BMW tuner-turned-manufacturer Alpina will venture further into SUV territory when it unveils its first evolution of the X7. The biggest Alpina-badged model to date is scheduled to make its public debut online on May 19.
Called XB7, the high-riding behemoth is important enough to receive its own website, which Alpina calls First-Class Adventures. It's not what it sounds like; it's safe for work, we promise. All that's on it right now is an image of an Alpina-branded iDrive dial and a clock counting down the days until the model breaks cover.
Official details are few and far between, but the XB7 nameplate confirms power will come from a gasoline-burning engine; it'd be called XD7 if it received a turbodiesel. Alpina normally shoots for the top of the range, so it's reasonable to assume it will start with the M50i model, which uses a twin-turbocharged, 4.4-liter V8 tuned to 523 horsepower. An output in the vicinity of 600 horsepower is likely, while comprehensive updates to the brakes and the suspension will help drivers make the most of the extra horses. It won't be a corner carver, though.

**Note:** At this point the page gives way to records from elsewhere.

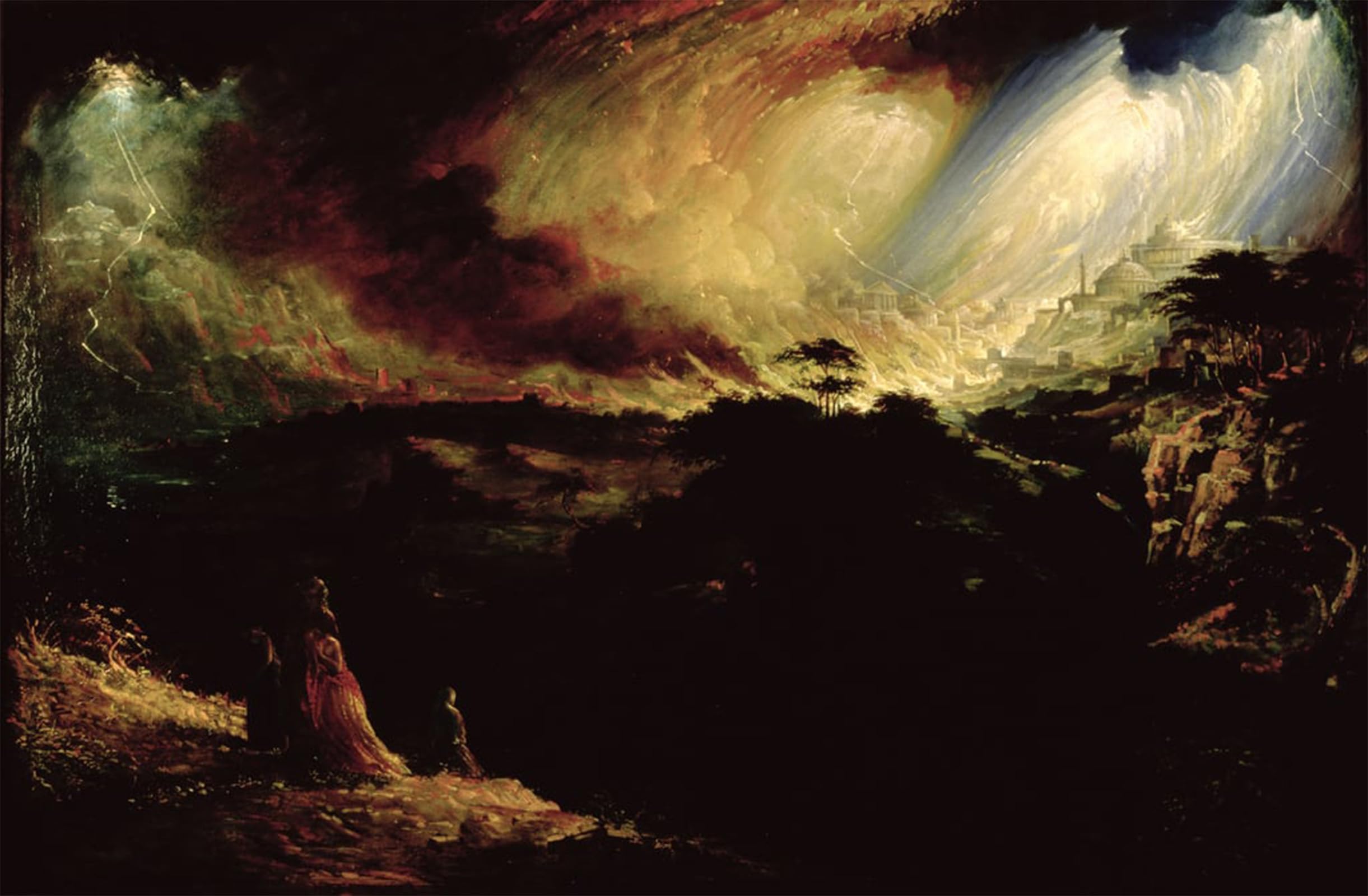 SERENDIPITP Vintage Picture Print on Canvas Wall Art Poster The Destruction of Sodom and Gomorrah by John Martins Artwork Print Poster for Wall Decor 60x90cm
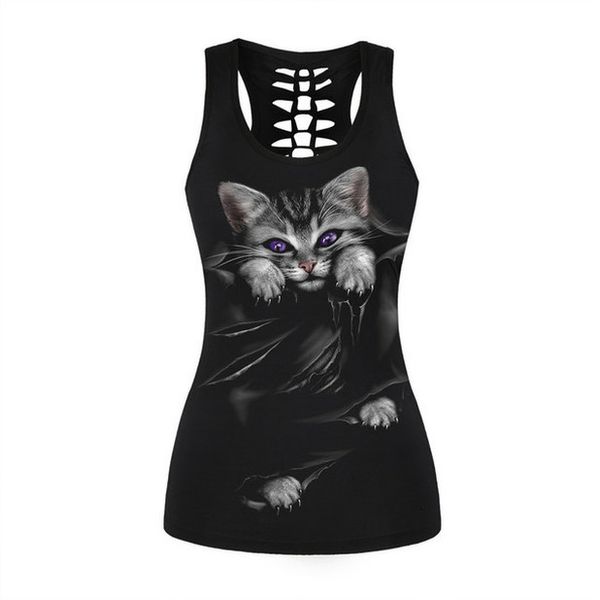 

fashion women tank 3d printed animal tank dog sleeveless novelty tank o neck vest casual camiseta mujer, White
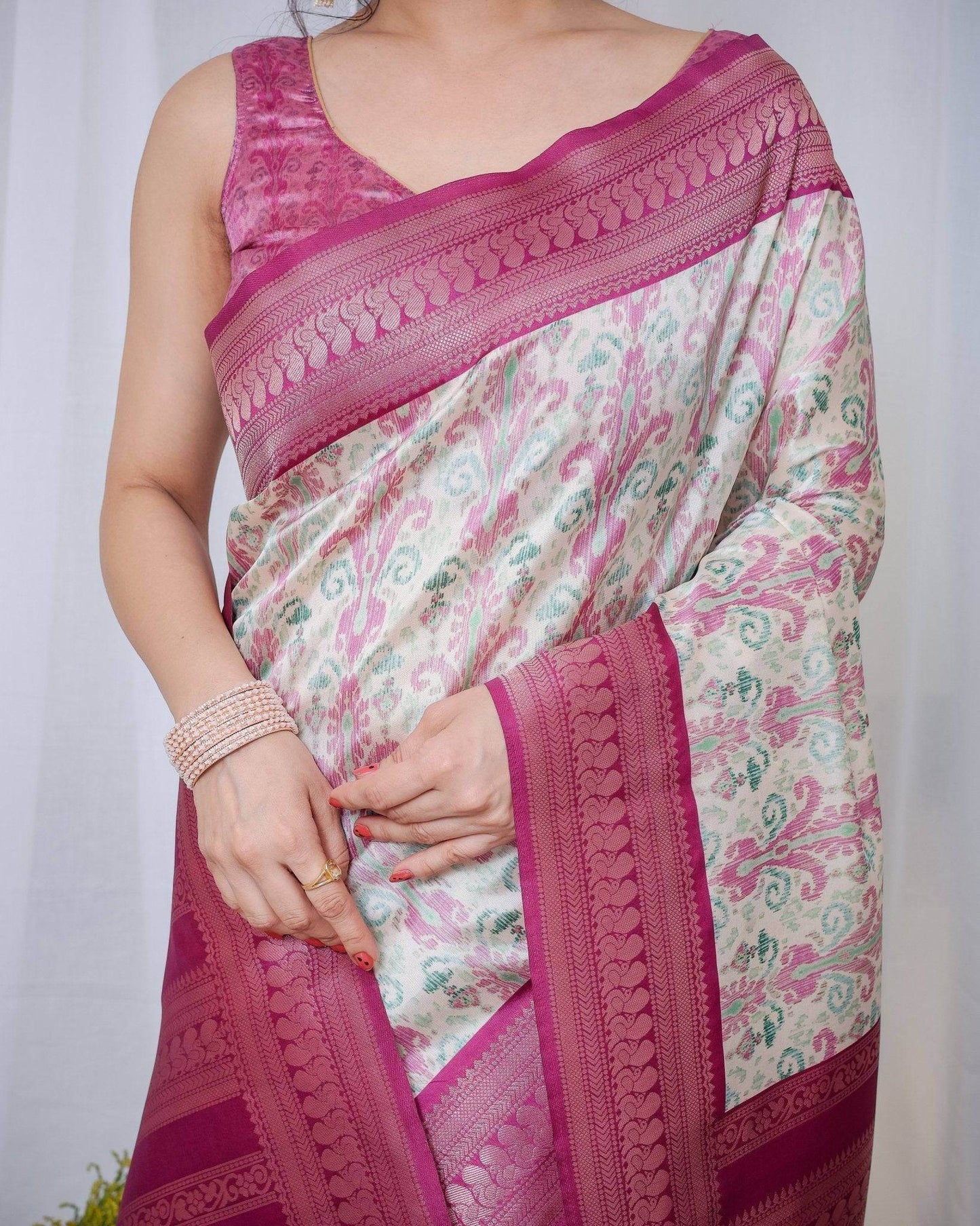 Ivory Banarasi Silk Sarees with Pink Ikat Digital Print, Zari Border & Tassels Pallu - SEEANS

One of the most important differences between Alpina and BMW M is that the former makes cars for the autobahn, while the latter peddles machines that feel right at home on the Nürburgring. This distinction partially explains why Alpina can credibly turn the X7 (pictured) into the XB7, but M refuses to put its name on one.
We expect the XB7 will receive the standard round of subtle visual updates Alpina makes to every car that leaves its workshop. Its front end will receive a splitter, its rear end will wear a new-look bumper, and thin stripes will tell other motorists they're not getting passed by a run-of-the-mill X7. Alpina-specific alloys will round out the look. Inside, the upgrades will be limited to trim and upholstery changes (including the nearly grain-free Lavalina leather found only in its cars and a handful of Rolls-Royce models) plus a redesigned digital instrument cluster.
Alpina's smaller models, like the 3 Series-based B3 and D3, aren't available in the United States. It hasn't revealed whether it will sell the XB7 here, but we'd be extremely surprised if the SUV doesn't join the B7 in showrooms sooner rather than later. BMW developed the X7 largely for the American market, and it makes the model in its Spartanburg, South Carolina, factory. We're one of the biggest markets for big, high-performance SUVs so selling the XB7 here would make a tremendous amount of sense. It's doubtful that Alpina would have been able to put together a business case for it without relying on power-hungry, SUV-loving American motorists.